TASK → Each line from the one holding "Thumbnail for New" to the last line of the listing must be set down exactly. No pictures are to be included.

DATA SUPPLIED →
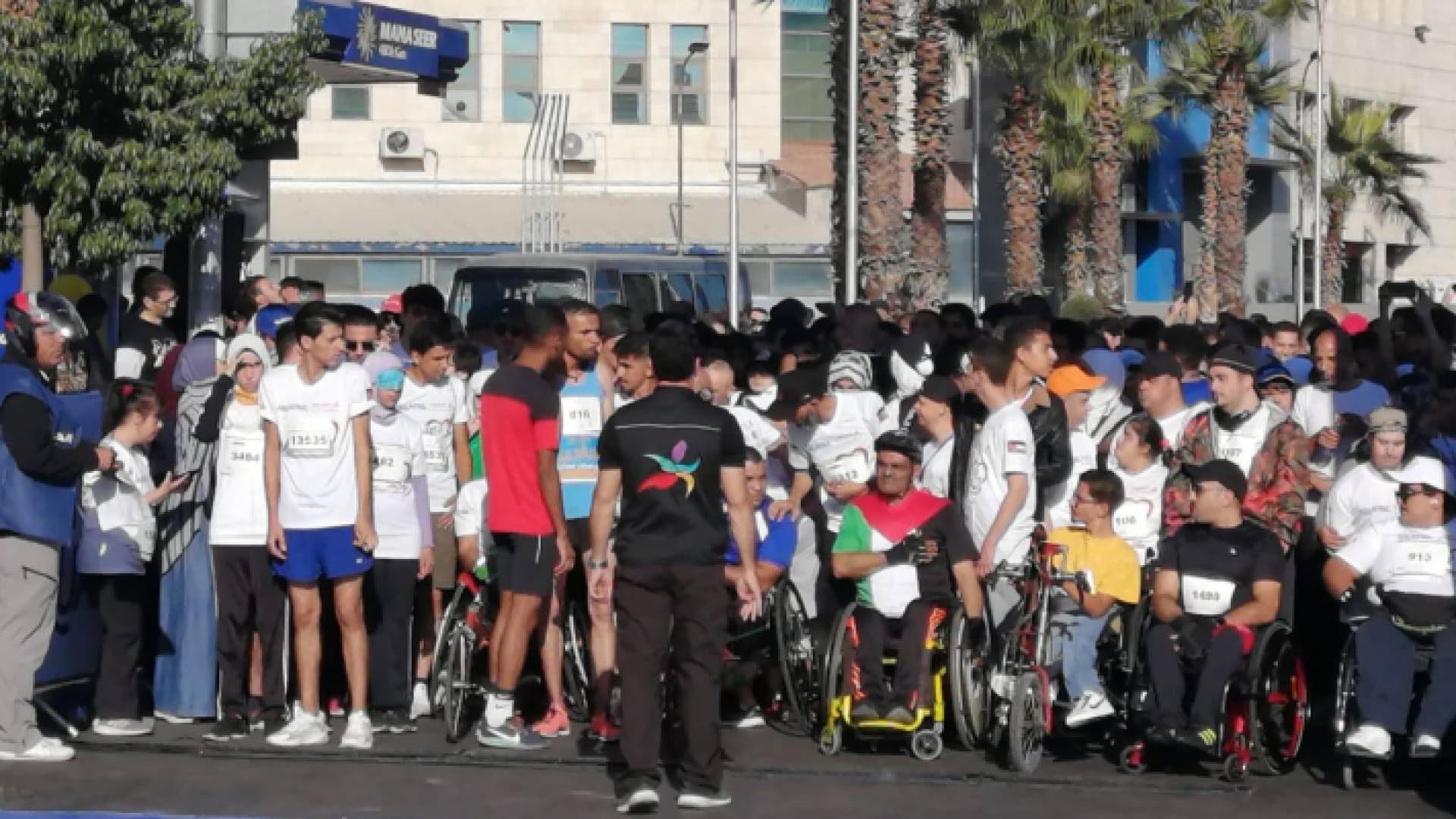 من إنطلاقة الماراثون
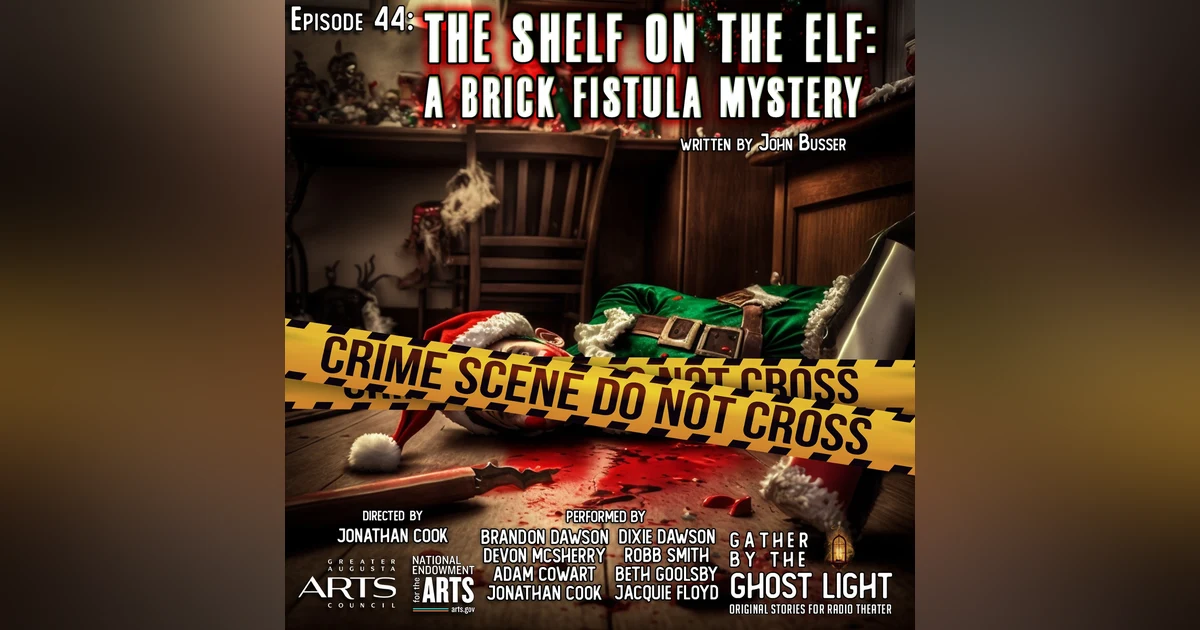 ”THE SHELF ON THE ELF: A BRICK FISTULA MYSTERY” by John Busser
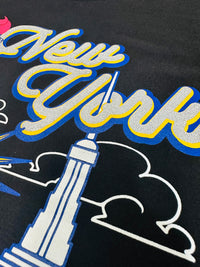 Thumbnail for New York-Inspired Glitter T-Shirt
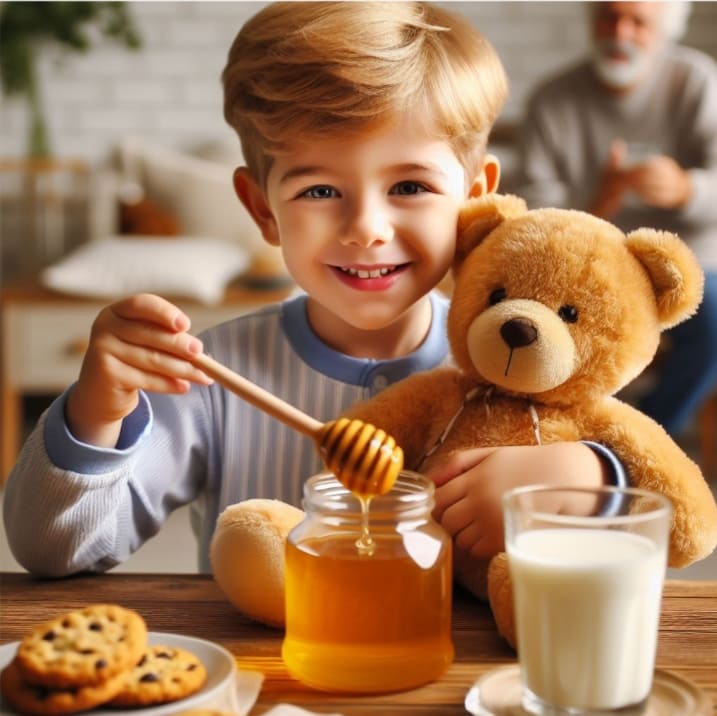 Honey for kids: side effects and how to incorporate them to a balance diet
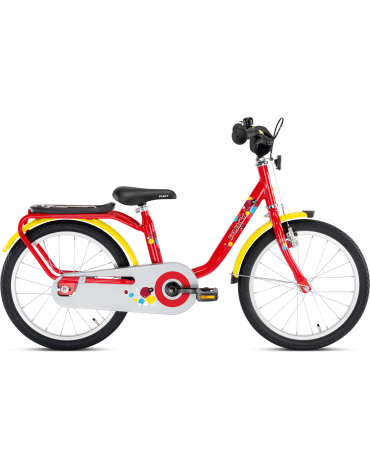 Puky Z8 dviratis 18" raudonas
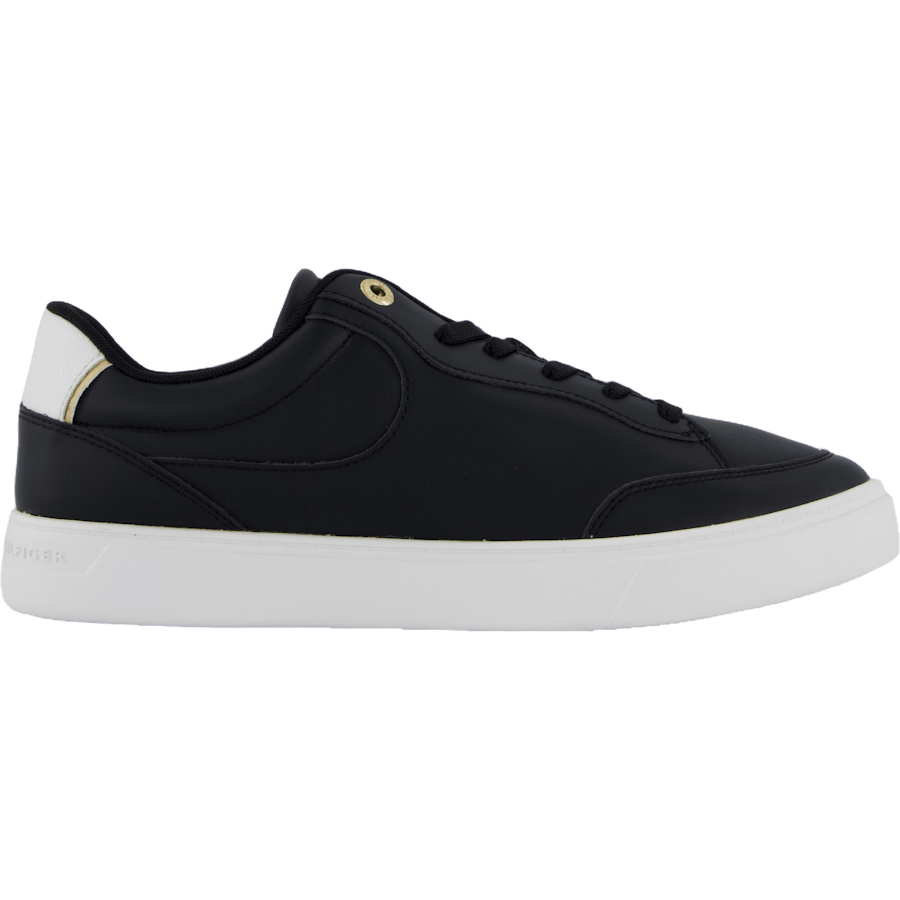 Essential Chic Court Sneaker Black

ANSWER →
 Thumbnail for New York-Inspired Glitter T-Shirt
 Honey for kids: side effects and how to incorporate them to a balance diet
 Puky Z8 dviratis 18" raudonas
 Essential Chic Court Sneaker Black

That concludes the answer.